After all, who would have guessed 10 years ago that the majority of Intel's production capability in 2002 would be used to produce memory? Given that a major part of its Pentium 4 and Itanium chips is nothing more than cache memory, this is a fact - strange but true.
One thing is for sure: Intel needs to find new products for new markets, and it better not be too slow about it. Put simply, the trouble facing Intel is that most people who want an Intel-based phone or PC already own one.
Intel's markets are not growing fast, so it needs to diversify to keep the shareholders happy. Whether or not its server chips become established is immaterial because they will always be high-cost, low-volume parts. Intel's speciality is low-cost, high-volume chips.
Fortunately, a few tweaks to Intel's production process could enable the company to produce micro electro-mechanical systems (Mems).
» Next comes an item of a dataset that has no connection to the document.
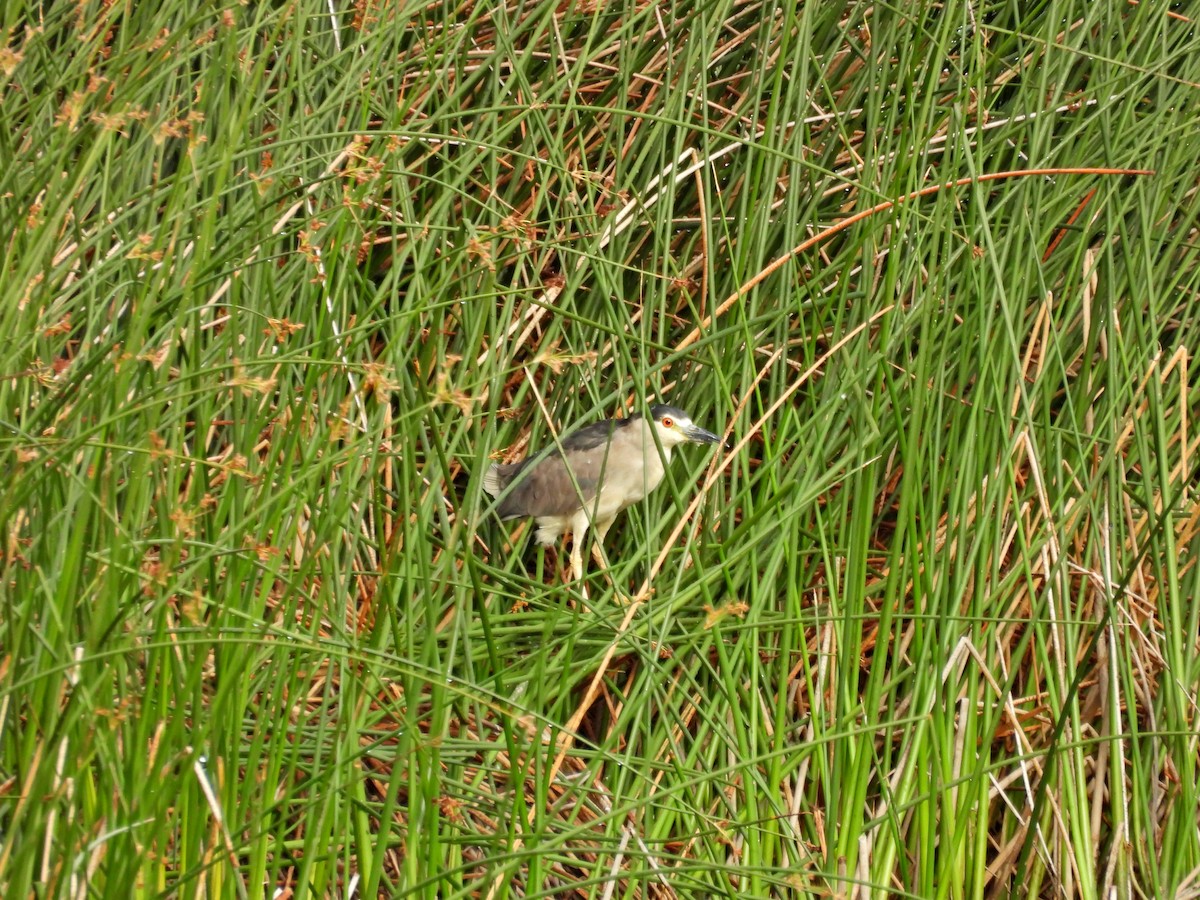 Black-crowned Night Heron - ML622477301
NEC and a few others have been making projectors using specialised silicon chips for a few years.
They are often called micro-mirror projectors because they have millions of minute mirrors built into a chip that can be rapidly repositioned to produce a projected image.
Rather than mirrors, the main characteristic of Mems technology could be summarised as chips that include movable parts. As more manufacturers get involved, the range of applications for Mems will grow. For example, the world's first printers built with Mems technology will ship this week.
The printers are made by Agfa, and the Mems parts are made by Cypress Semiconductor.
With a little more refinement Mems technology could be used to make radios. Within a few years Intel hopes to be able to fit all the components of a radio onto a silicon chip.
A few years after that it hopes to be able to make processors with an on-chip radio, in much the same way that it currently makes processors with on-chip cache memory.
Unlike current radio devices, which are basically manufactured to work at a specific frequency and protocol, the new generation of silicon radios will be programmable, so the same chip could be used in a variety of ways.
Long term, the goal is that these radios will form ad hoc peer-to-peer networks, sometimes referred to 'sensors' by researchers.
It's easy to see the attraction of these capabilities to makers of PDAs and, with a little more thought, even desktop PCs and servers could benefit from this sort of wireless connectivity.
Whether Intel will ever get round to making printer engines is doubtful, but the days of it surviving largely on the sales of cache memory are fading fast.